Authors throughout North America have identified firearms as important tools that acted to aid their users in more ways than not. Blake Brown argues that they were important for the protection of property, hunting, defense of cattle, and ensuring safety in rural communities particularly (2012). It was essential to every rural household to not only possess a firearm but to also keep stock of ammunition as valuable scarcity. In doing so, this reserved the use of firearms to specific and serious tasks that had the ability to affect the quality of life of the user. In many cases, Firearm’s prior to the 20th century often provided the ability of their users to live longer, happier lives.

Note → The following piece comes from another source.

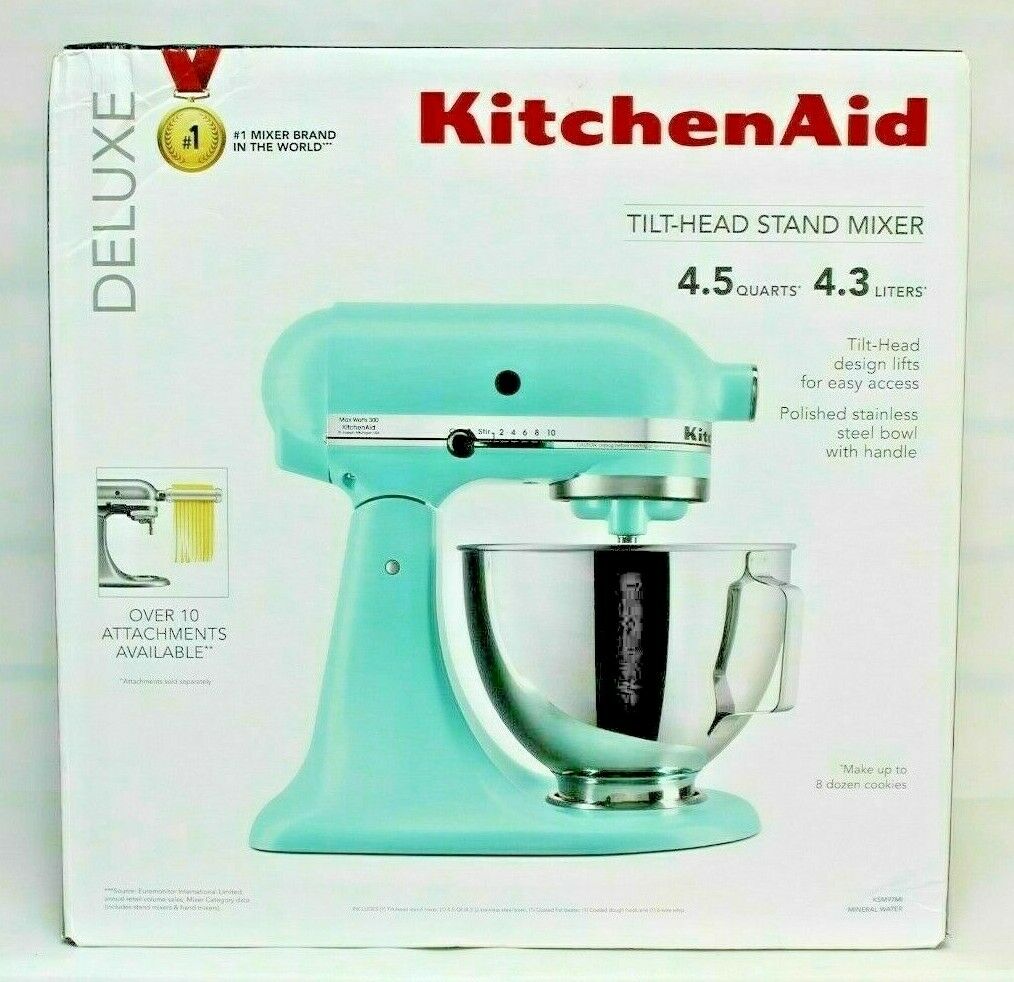 KitchenAid Deluxe KSM97MI 4.5 Quart Tilt-Head Stand Mixer - Mineral Water - New!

With the changing concept of firearms that came with material culture, also came the rise of the outdoorsman. Young men began sport hunting and sport shooting with the aid of literature from authors such as Frank Forester (also know as Herbert Williams) (1875). The outdoorsman and frontiersman began to become a became idols of the American youth, particularly in regards to rural white communities. Play was adapted on the frontier to promote the ability of children to grow into capable woodsman, and with it, they attained firearm knowledge through the idolization of figures such as David Crockett (Elliot 1988). Glenda Riley, notes the power of Annie Oakley as a female figure in creating the identity of the American Cowgirl (1995). The cowgirl being a strong identity in the realm of outdoorswomen, it held great power in pushing the young woman of the country to take part in the newly popularized shooting sports.v
Daniel Herman adds to this, tying hunting to values of American Exceptionalism which we instill, predominantly, in the white middle to upper-class children (2014). This carries with it troubling conditions of race, which Drew Swanson describes in his piece regarding hunting and fishing in the sounds as an act of leisure for white men, and labor for black. African-Americans primarily experience the outdoors as another form of control, especially in the south where white slave owners would leverage their land ownership as a way of controlling African-Americans (2010). Dorceta Tayler explains that in addition to this the conservation movement is scattered with racism and themes of historical conflict (2017).